What you need to do -
Return the listing that follows exactly, with no pictures included.

Recorded data -

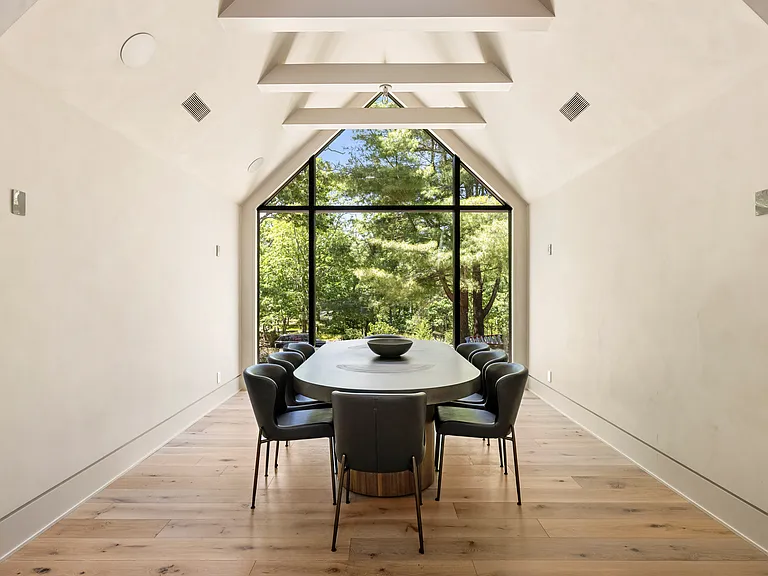 544 Wainscott Northwest Rd — Photo 10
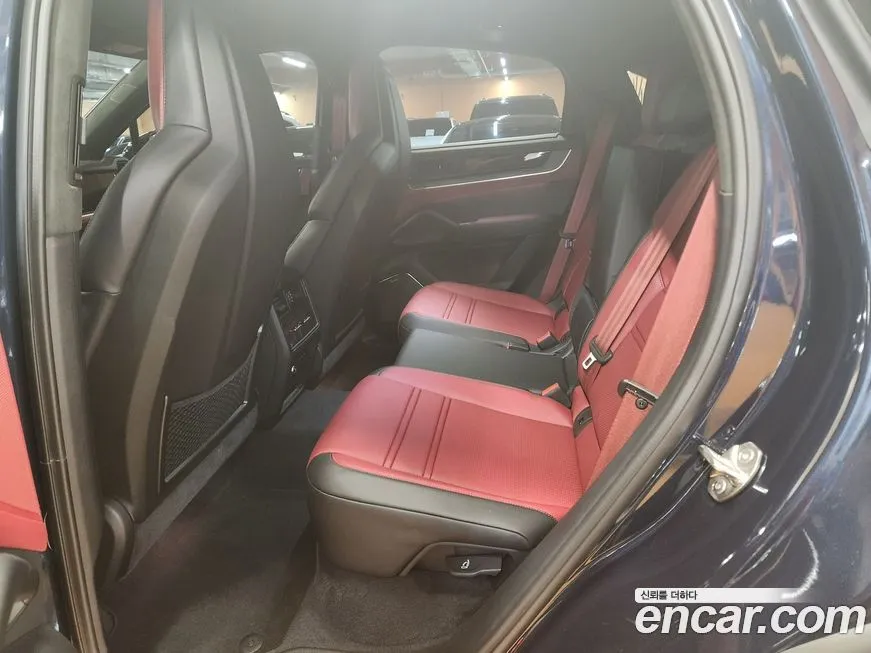 Porsche Cayenne 2025 из KR, фото 9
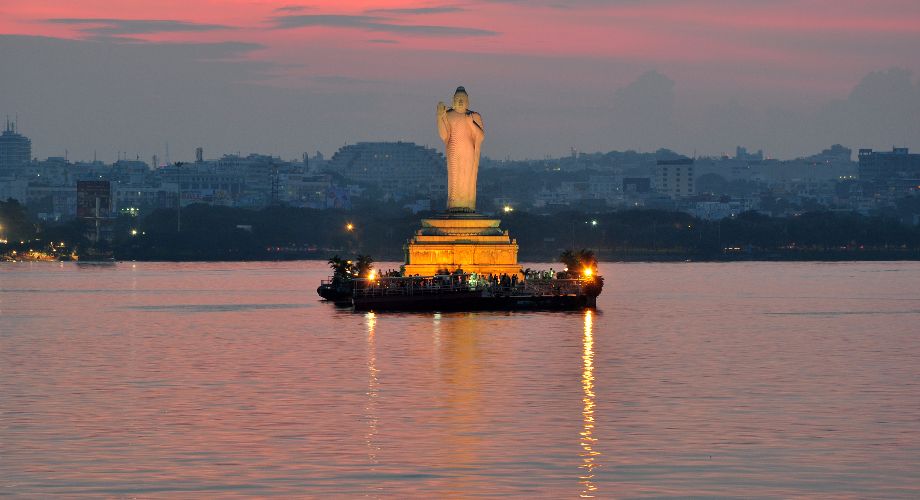 Tượng Phật rực sáng vào buổi hoàng hôn trên Hồ Hussain Sagar, Hyderabad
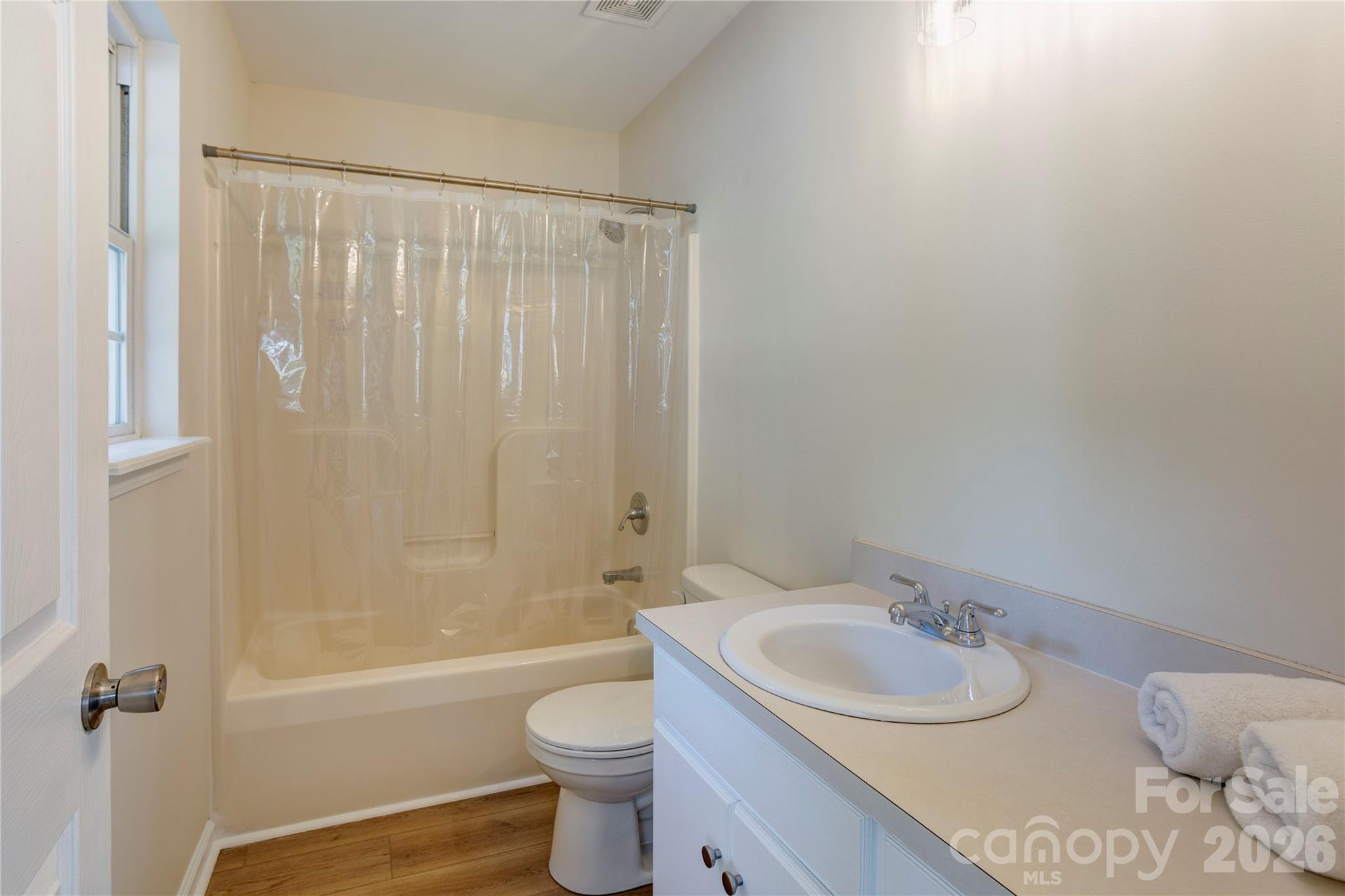 1209 Moss Acres Court Property Photo 15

Response box -
 544 Wainscott Northwest Rd — Photo 10
 Porsche Cayenne 2025 из KR, фото 9
 Tượng Phật rực sáng vào buổi hoàng hôn trên Hồ Hussain Sagar, Hyderabad
 1209 Moss Acres Court Property Photo 15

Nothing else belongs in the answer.